## WORK TO COMPLETE
Please repeat the listing below exactly, but do not include its pictures.

BEGIN RECORDED DATA

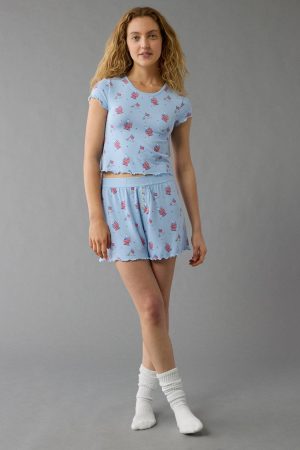 AE Snoopy Americana Plush Baby Tee PJ Set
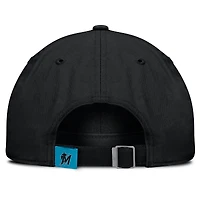 Men's Nike Black Miami Marlins Club Adjustable Hat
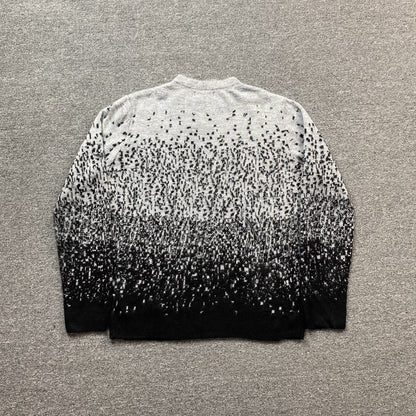 AMIRI STAGGERED GRADIANT CREWNECK GREY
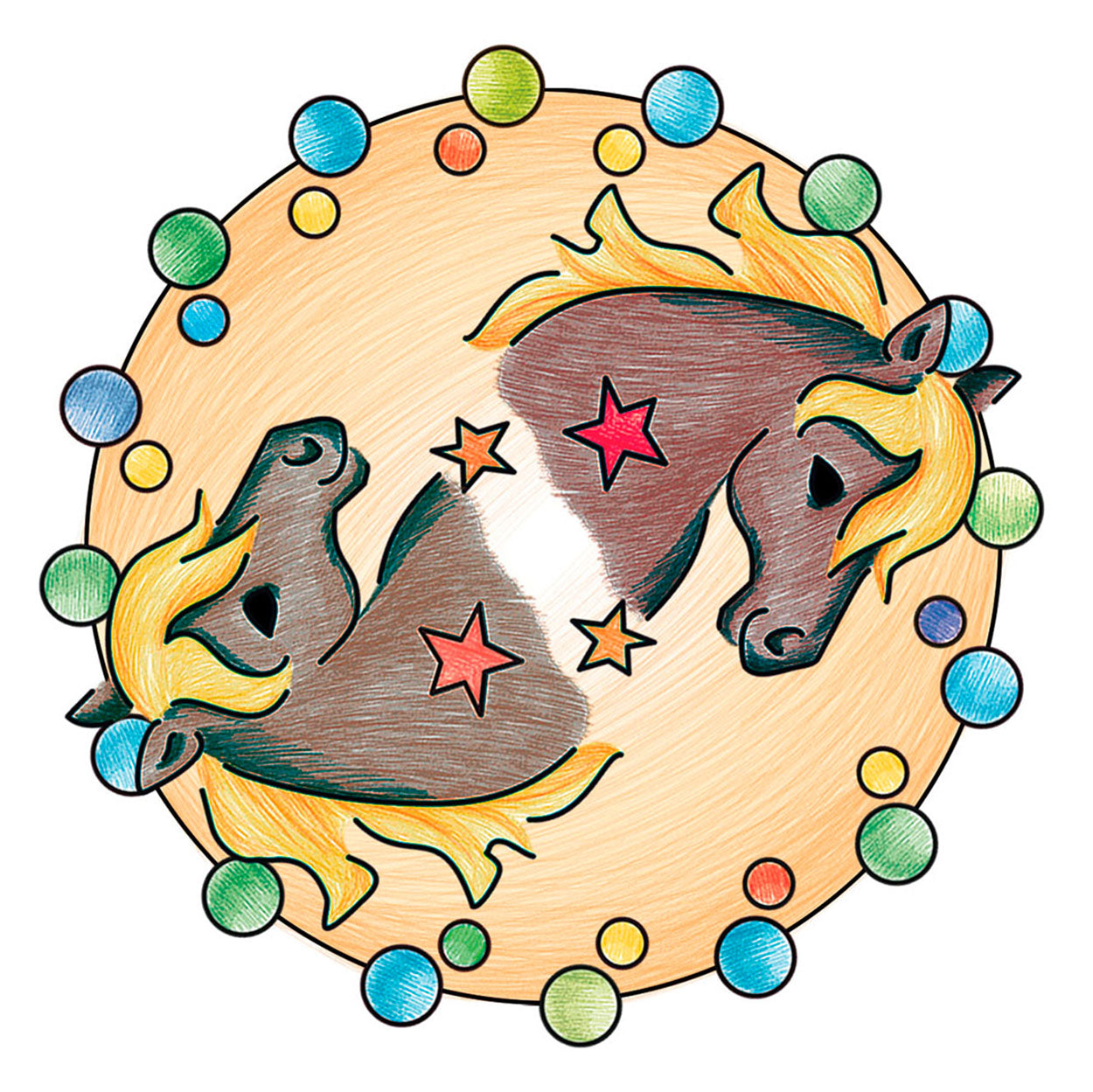 Mandala-Designer - Mandala-Designer mini - paarden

END RECORDED DATA

## ANSWER TO THE EXERCISE
 AE Snoopy Americana Plush Baby Tee PJ Set
 Men's Nike Black Miami Marlins Club Adjustable Hat
 AMIRI STAGGERED GRADIANT CREWNECK GREY
 Mandala-Designer - Mandala-Designer mini - paarden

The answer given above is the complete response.